Hi everyone,
I am trying to compare sequences in a pairwise fashion to obtain percent similarity scores. For context, these sequences are non-coding DNA that have been duplicated as a result of tandem duplication events. The hypothesis is that by looking at the sequence similarity of these DNA, I can infer the relative recency of these duplications in relation to other duplications as they are not under selection pressure.
For unrelated sequences, I expect a percent similarity score of ~25% (random matches) and increasingly higher scores for sequences that have duplicated recently.
To do this, I have tried to use both global and local pairwise alignment algorithms (i.e., Needleman-Wunsch and Smith-Waterman). The global alignment algorithm is not appropriate for my dataset as I have sequences of different lengths, which would reduce similarity scores significantly due to end gaps. As for local alignments, they are optimal but produce inflated scores (~40%) even for unrelated sequences.
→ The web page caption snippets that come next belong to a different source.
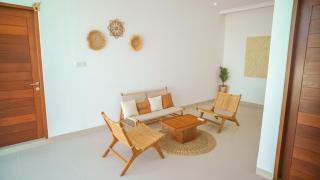 The Sun Villa Canggu, near Berawa beach - Canggu - 4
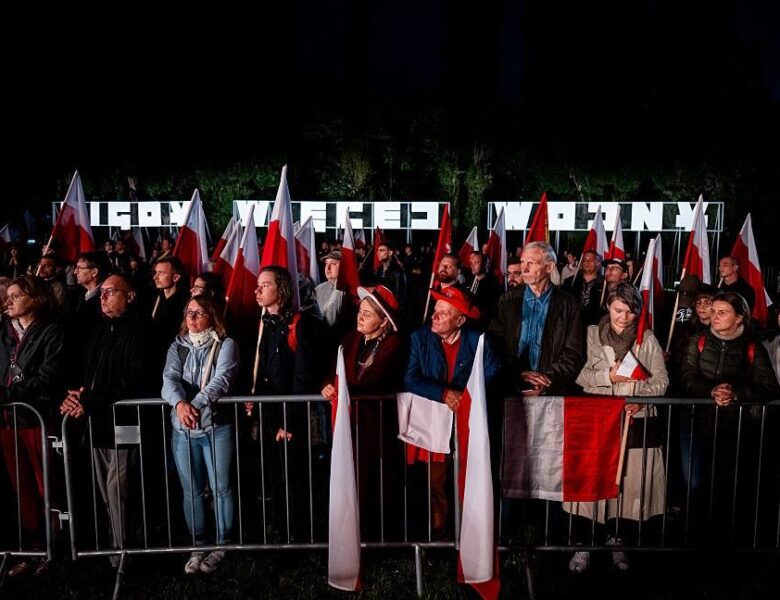 Понад 50% поляків проти підтримання вступу України до НАТО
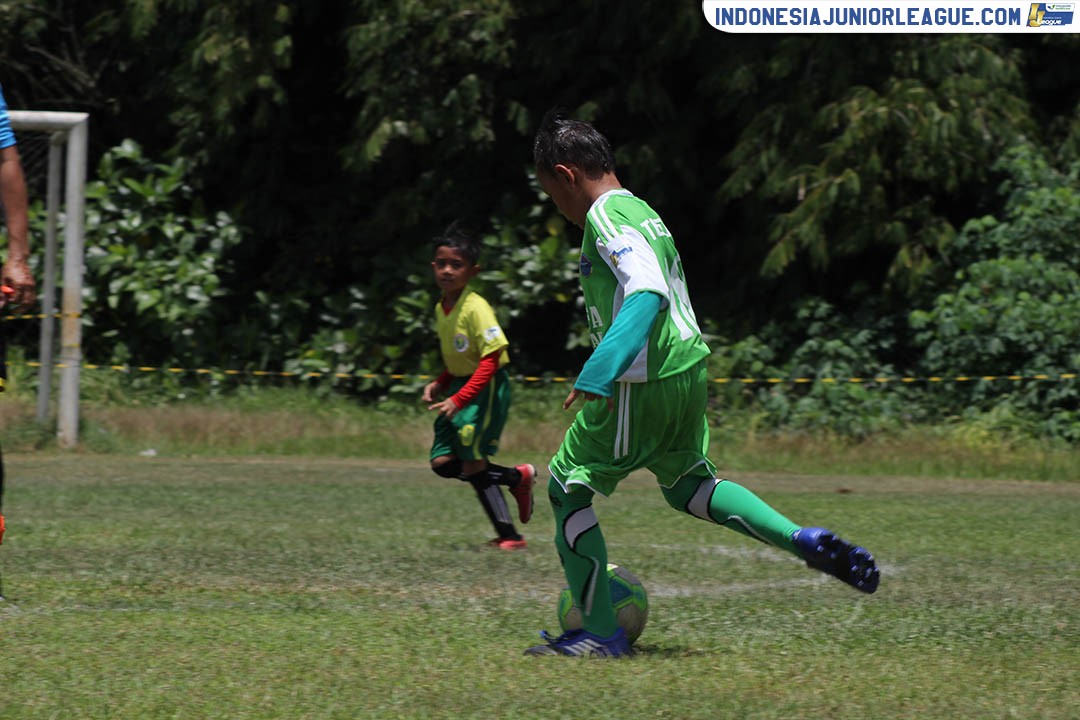 u9 1 april 2018 hizbul wathan sc vs bmifa tiktak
For unrelated sequences of similar lengths, I have achieved the expected similarity scores (25-35%) by maximizing end gap penalties using Needleman-Wunsch.
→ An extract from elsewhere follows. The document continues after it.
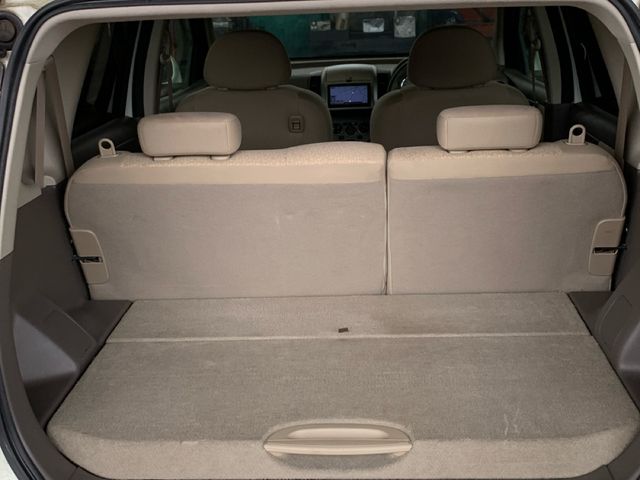 NISSAN NOTE 2012 Image 31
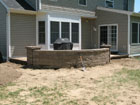 Retaining Walls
Question: Is my approach sound and appropriate? Is pairwise alignment the way to go about doing this comparison, or am I completely relying on a wrong method? A sequence dot plot alignment is probably closest to providing the information I want, though it does not provide a numerical value (percent identity) that I can use to compare between pairs of sequences immediately.
Thank you very much for reading and please let me know if I can provide any additional details to clarify the question.